The offer ends at 10 p.m. Athens time Thursday.
Hans Humes, president of Greylock Capital Management, expects holders of more than 80 percent of Greece’s government bonds to accede to the swap, he said in a Bloomberg Television interview Wednesday. Humes is a member of a committee of private bondholders that negotiated the deal with the government.
Greece’s six largest banks, cumulatively the biggest private holders of the country’s debt, plan to accept the offer, the Finance Ministry said March 6. Greek pension funds with about 17 billion euros of bonds will also join, Finance Minister Evangelos Venizelos said on Real FM Radio Wednesday.
More than 30 banks and insurers that were on the private creditor-investor committee for Greece plan to accept the swap, according to an e-mailed statement from the Institute of International Finance Wednesday. Those investors hold an aggregate 84 billion euros of bonds, the IIF said.
Investors who participate will get new bonds with a face value of less than half the previous securities, longer maturities and reduced interest rates, leading to a net present value loss of more than 70 percent. The new bonds do come with warrants that will provide extra income in years when Greek economic growth exceeds certain thresholds.
Greece expects holders to accept the offer and is ready to force them if necessary, Venizelos said in a Bloomberg Television interview in Athens this week. The government has said it wants participation above 90 percent and is seeking a minimum level of 75 percent, including with use of the collective action clauses.
“I do fully expect to be part of the collective action clause,” Patrick Armstrong, managing partner at Armstrong Investment Managers in London, said Wednesday in a Bloomberg Television interview. He won’t voluntarily join in the swap because of the “minuscule” chance his bond maturing March 20 will be redeemed at face value.
Compelling holdouts to take part will likely trigger insurance contracts on the debt known as credit default swaps.
“I can’t see any scenario where people are forced to participate against their will and they aren’t triggered,” Armstrong said.
The swap provides “a moment for a real turning of the page,” that should allow Greece to “regain some economic vitality,” IIF Managing Director Charles Dallara, who led negotiations for private creditors in the debt-swap discussions, said in a telephone interview Wednesday. The Washington, D.C.- based IIF represents more than 450 financial firms globally.

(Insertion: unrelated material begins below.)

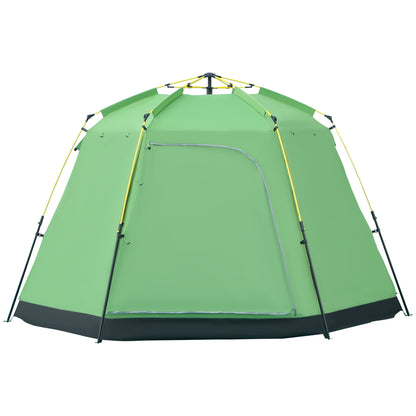Camping Tent 6 Person Family Dome Tent Faux Leather 2000mm Easy Setup for Family Trekking Festival Steel Fiberglass Green 320 x 320 x 180 cm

The members of the IIF creditor-investor committee who agreed to participate are Ageas, Allianz SE, Alpha Bank SA, Axa SA, La Banque Postale, Banco Bilbao Vizcaya Argentaria SA, Bank of Cyprus, BNP Paribas, CNP Assurances SA, Commerzbank AG, Credit Agricole SA, Credit Foncier, DekaBank Deutsche Girozentrale, Deutsche Bank AG, Dexia SA, Emporiki Bank of Greece SA, EFG Eurobank, Generali, Greylock, Groupama SA, HSBC Holdings Plc, ING Bank, Intesa Sanpaolo SpA, KBC Groep NV, Landesbank Baden-Wuerttemberg, Marfin Popular Bank Plc, Metlife Inc., National Bank of Greece SA, Piraeus Bank SA, Royal Bank of Scotland Group Plc, Societe Generale SA and UniCredit SpA.
In Germany, Munich Re, DZ Bank AG and KfW Group also said they will take part in the exchange. FMS Wertmanagement, the bad bank created to prevent the collapse of German property lender Hypo Real Estate Holding AG, and Erste Abwicklungsanstalt, the restructuring unit of state-owned lender WestLB AG, are both planning to take part in the exchange, according to people familiar with the matter. The two bad banks together hold as much as 9.8 billion euros in Greek debt.